Former cinema in London, England

The Odeon Haymarket was a cinema on Haymarket, London. Three cinemas occupied the site between 1925 and 1996, predecessors being Capitol Cinema (1925–1936) and Gaumont Haymarket (1937–1959). It became the Odeon Haymarket in 1962, before closing in 1996.

== Capitol Cinema (1925-1936) ==

Built by Sir Walter Gibbons and opened in 1925, this was a large and ornate cinema in a Neo-Classical style, created as part of a development of an island site on this major London thoroughfare.

Designed by Andrew Mather (architect of many later Odeon cinemas), the cinema used theatrical norms of stalls and circle seating, together with a number of boxes. An organ was installed and used during intermissions. Total seating was 1,700. In May 1928, Walter Gibbons company General Theatres Corporation was taken over by Gaumont British Theatres.

The cinema is noted as the location of the first run of the first British 'talkie', Alfred Hitchcock's Blackmail in 1929. In its basement the Kit Kat Club was located, one of the most famous London nightclubs of the Roaring Twenties (not to be mixed up with an older political club similarly named).

In 1935, Gaumont decided to completely reconstruct the Capitol, by lowering the auditorium to take in the former basement premises of the Kit Kat Restaurant. The last film to play at the Capitol Cinema was Tom Walls in Foreign Affaires, on 18 January 1936.

== Gaumont Haymarket (1937-1959) ==
The new cinema, known both as Gaumont Cinema and Gaumont Haymarket, was created by completely gutting the Capitol and turning the upper floors into offices. Seating was split between circle and stalls and totaled 1,328. A Compton organ was installed and the interior design was typical Art Deco. The entrance was moved from the north corner to the centre of the building, which had originally been the entrance to the Kit Kat Restaurant. The Gaumont opened on 4 February 1937 with a Royal premiere of The Great Barrier.

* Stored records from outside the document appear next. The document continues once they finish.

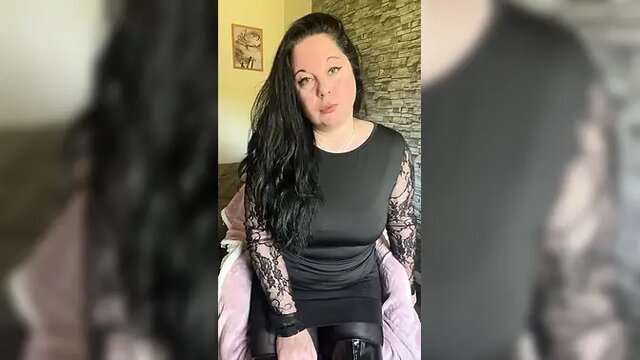 Did You Think You Might Interest Me?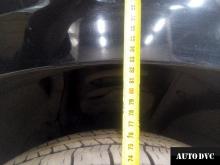 Acura MDX install leveling lift kit 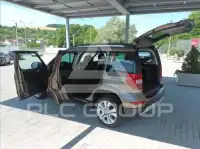 2014 Skoda Yeti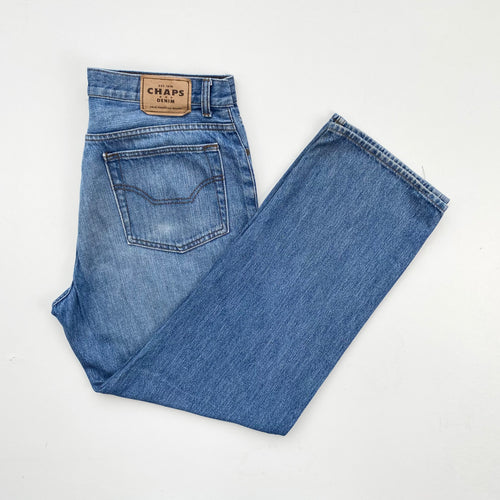 Chaps Jeans W34 L30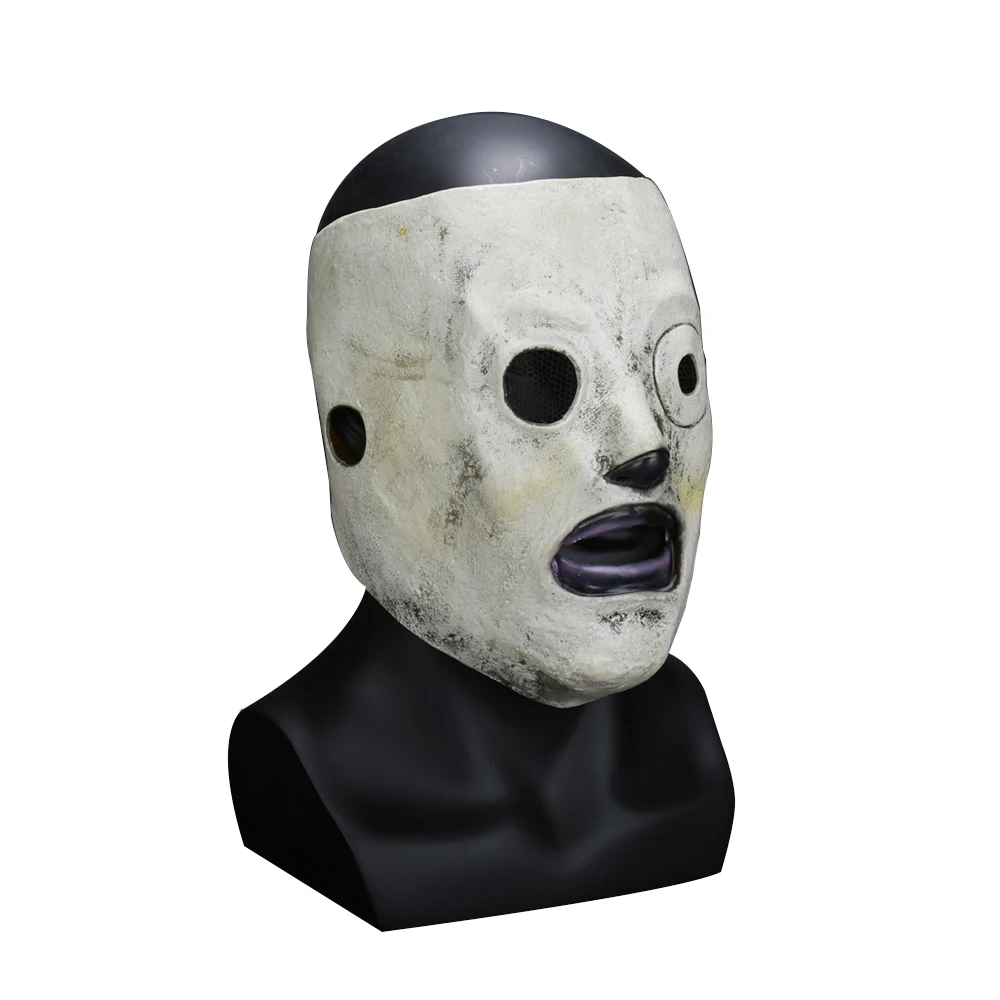 SLIPKNOT/スリップノット Corey IOWA Mask コリー マスク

In 1941 all assets of Gaumont British were acquired by the Rank Organisation.

== Odeon Haymarket (1962-1996) ==

Following declining audience numbers, the Gaumont Haymarket was closed on 10 June 1959, with Robert Taylor in The Hangman being the last film. A second gutting then took place, creating a single-level, basement cinema with 600 seats and office space created above. Access to the cinema was from the southern corner of the building, leading to a small foyer and then stairs down to the screen. The cinema was spaciously raked and distinctively decorated in an alternating series of gold and tan wall stripped wall coverings and had a 'honeycomb' ceiling of circular holes. The new cinema, called Odeon Haymarket, opened in 1962.

The Odeon Haymarket specialised in more up-market attractions, often for exclusive seasons. Films included Jacques Tati's Playtime, Franco Zeffirelli's Hamlet with Mel Gibson, and Hugh Hudson's and David Puttnam's Chariots of Fire.

== Closure ==
The cinema was closed in 1996 nominally for a refurbishment but later gutted to become a nightclub. Planning permission was granted on appeal on 27 April 2007 for a nightclub in the basement, but the landlords have struggled to let the space as it is restricted to D2 use but is too low for a modern cinema. On 12 August 2010 the permission was extended to 27 April 2012.

Odeon Panton Street (a different cinema, a short walk from Haymarket) was renamed Odeon Luxe Haymarket in 2019.